*WHAT NEEDS TO BE DONE*.
Below are the records; retype each one exactly.

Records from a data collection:
--------------------

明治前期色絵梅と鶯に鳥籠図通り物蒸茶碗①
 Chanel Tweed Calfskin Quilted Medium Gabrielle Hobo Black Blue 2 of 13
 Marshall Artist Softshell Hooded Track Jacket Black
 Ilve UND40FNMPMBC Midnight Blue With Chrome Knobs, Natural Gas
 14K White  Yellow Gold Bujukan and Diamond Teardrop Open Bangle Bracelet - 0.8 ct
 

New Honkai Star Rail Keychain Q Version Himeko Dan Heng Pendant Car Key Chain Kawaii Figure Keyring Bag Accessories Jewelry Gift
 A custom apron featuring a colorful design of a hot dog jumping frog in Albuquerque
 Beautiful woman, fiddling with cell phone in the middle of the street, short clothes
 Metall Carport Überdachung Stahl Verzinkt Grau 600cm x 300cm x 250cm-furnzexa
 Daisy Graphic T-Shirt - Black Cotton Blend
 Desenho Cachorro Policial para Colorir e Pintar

--------------------

*RESPONSE TO THIS TASK*.
明治前期色絵梅と鶯に鳥籠図通り物蒸茶碗①
 Chanel Tweed Calfskin Quilted Medium Gabrielle Hobo Black Blue 2 of 13
 Marshall Artist Softshell Hooded Track Jacket Black
 Ilve UND40FNMPMBC Midnight Blue With Chrome Knobs, Natural Gas
 14K White  Yellow Gold Bujukan and Diamond Teardrop Open Bangle Bracelet - 0.8 ct
 

New Honkai Star Rail Keychain Q Version Himeko Dan Heng Pendant Car Key Chain Kawaii Figure Keyring Bag Accessories Jewelry Gift
 A custom apron featuring a colorful design of a hot dog jumping frog in Albuquerque
 Beautiful woman, fiddling with cell phone in the middle of the street, short clothes
 Metall Carport Überdachung Stahl Verzinkt Grau 600cm x 300cm x 250cm-furnzexa
 Daisy Graphic T-Shirt - Black Cotton Blend
 Desenho Cachorro Policial para Colorir e Pintar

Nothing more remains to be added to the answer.